48. Benci
Setelah diantar ke kamar, Dinda duduk di atas kasurnya. Ia membiarkan Franklin merapikan isi tas kainnya yang besar di atas meja, lalu setelah itu, lelaki itu menghampirinya dan menyodorkan dua pil serta sebotol air.
"Makan obat." Lelaki itu mengingatkan.
Dinda tidak menyahut apa-apa. Ia mengambil dua pil itu, lalu meminumnya bersamaan dengan air.
Setelah itu, ia menyerahkan botol tadi ke tangan Franklin. Ia menatap ke bawah, kosong, membuat Franklin sedih.
"Dinda, aku tahu bagaimana perasaanmu. Namun, kumohon jangan seperti ini terus. Kau boleh marah, kau bisa melampiaskannya dan menghancurkan semua benda yang ada di sekitarmu, tetapi melihatmu diam seperti ini membuatku ikut bersedih," kata Franklin, berharap wajah Dinda bergerak samar.
Namun, tidak ada apapun. Gadis itu seakan sudah tuli, tidak ada tanda-tanda wajahnya bergerak untuk merespon.
Rasanya dada Franklin seperti ditimpa sebuah benda berat yang mengakibatkan detaknya melambat. Menyadari kalau hanya ada dia di dalam kamar membuatnya pamit untuk keluar karena Dinda tidak menyukai seorang lawan jenis berada di dalam kamarnya dalam kurun waktu yang lama.
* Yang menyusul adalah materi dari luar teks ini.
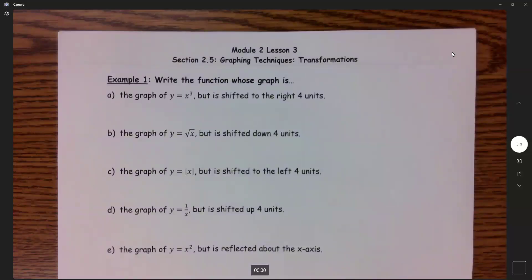Now that we've gone over all of the transformations, let's apply that. Example one says: write the function whose graph is — part A says a graph of y equals x cubed, but is shifted to the right 4 units.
"Jika kau memerlukanku, kau tahu di mana aku," ujar Franklin sebelum menutup pintu kamar. Lagi dan lagi, tidak ada respon emosional dari Dinda, membuat lelaki itu membuang napas dan menutup pintunya.
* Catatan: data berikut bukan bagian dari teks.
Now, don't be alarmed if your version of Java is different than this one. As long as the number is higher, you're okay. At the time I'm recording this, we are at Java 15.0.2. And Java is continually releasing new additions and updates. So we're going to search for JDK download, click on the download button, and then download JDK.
Franklin tidak beranjak setelah itu. Ia menguping kamar Dinda. Ia harap gadis itu menangis, tetapi sepertinya Dinda benar-benar tak dapat berekspresi lagi.
Lelaki itu melangkahkan kaki dan turun ke bawah. Mendengar suara langkah yang menjauh membuat mata Dinda bergerak samar, perlahan berair, dan air matanya turun.
Tidak ada apapun yang keluar dari mulutnya, bahkan isakannya. Hati Dinda kembali sesak, begitu sesak dan rasanya seperti diremas.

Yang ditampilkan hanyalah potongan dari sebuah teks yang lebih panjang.